For an organization of such breadth, diversity must be more than a series of well-intended outreach programs and hiring policies. It needs to be systemic, a requirement that can be met only if the effort is led from the top.
As a result, we’ve made diversity a key element in our strategic plan. First, we are committed to being America’s partner in mobilizing communities to help prevent, prepare for and respond to emergencies; to be successful, we must include every part of every community. We also need to inspire a new generation of volunteers and supporters. And we must strengthen our financial base, infrastructure and support systems to continuously improve our services.
Each of our chapters must show progress toward achieving not only a paid staff that closely matches the community it serves but also a diverse corps of volunteers and directors. Specific diversity strategies-with measurable results-must be part of every chapter’s strategic plan.
We continue to develop tools and resources to help our chapters and blood services regions broaden their approaches to diversity.
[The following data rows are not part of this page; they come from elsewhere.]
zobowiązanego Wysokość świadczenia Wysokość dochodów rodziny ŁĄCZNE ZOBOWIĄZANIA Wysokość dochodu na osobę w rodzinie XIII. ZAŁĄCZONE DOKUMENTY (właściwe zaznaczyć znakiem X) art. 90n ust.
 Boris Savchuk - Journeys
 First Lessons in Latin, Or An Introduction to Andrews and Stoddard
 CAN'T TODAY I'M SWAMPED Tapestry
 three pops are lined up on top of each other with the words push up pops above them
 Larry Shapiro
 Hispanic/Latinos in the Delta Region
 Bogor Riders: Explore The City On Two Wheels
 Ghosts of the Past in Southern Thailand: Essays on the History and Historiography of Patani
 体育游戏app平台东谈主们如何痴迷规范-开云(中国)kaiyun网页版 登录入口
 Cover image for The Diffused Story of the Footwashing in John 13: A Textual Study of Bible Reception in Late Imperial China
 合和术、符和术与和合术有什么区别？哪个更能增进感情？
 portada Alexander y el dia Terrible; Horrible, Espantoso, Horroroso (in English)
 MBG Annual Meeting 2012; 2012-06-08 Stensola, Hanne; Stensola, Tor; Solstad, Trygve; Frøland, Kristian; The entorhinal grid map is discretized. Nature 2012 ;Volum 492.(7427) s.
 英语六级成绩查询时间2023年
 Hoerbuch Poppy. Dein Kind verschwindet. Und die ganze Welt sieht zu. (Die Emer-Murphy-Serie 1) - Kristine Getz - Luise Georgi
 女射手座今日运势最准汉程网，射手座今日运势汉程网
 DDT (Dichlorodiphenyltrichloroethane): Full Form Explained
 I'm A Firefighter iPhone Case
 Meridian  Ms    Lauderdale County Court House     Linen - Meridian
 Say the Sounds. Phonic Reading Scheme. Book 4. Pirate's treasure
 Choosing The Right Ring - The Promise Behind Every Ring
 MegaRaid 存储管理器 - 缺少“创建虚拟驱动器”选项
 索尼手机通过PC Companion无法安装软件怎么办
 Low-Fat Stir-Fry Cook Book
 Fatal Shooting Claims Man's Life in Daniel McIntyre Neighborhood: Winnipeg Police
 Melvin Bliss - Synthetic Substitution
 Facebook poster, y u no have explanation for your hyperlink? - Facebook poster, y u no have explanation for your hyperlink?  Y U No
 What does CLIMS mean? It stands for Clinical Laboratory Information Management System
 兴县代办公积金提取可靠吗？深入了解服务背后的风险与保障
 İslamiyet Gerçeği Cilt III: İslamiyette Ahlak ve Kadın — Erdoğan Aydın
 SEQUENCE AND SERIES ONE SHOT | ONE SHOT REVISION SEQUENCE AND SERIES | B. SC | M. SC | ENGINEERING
Recently, for example, we introduced a supplier diversity program to encourage all Red Cross units to identify diverse business enterprises as part of the competitive bidding process.
To achieve diversity, we have created several councils and executive positions to steer efforts and forge partnerships. We work with groups such as the National Association for Equal Opportunity in Higher Education, the umbrella for the nation’s historically black colleges. We are one of the few organizations of our kind to have a high-ranking chief diversity officer who reports directly to me. Our National Diversity Advisory Committee provides input on emerging issues.
Through market research, we identify community trends so we can take proactive steps to improve our services and enhance participation. To attract a new generation of volunteers and supporters, we are doing research on several groups that are underrepresented in the Red Cross. We’re finding out which of our services interest them and how they’d like to participate. We’re also researching the best practices of other organizations.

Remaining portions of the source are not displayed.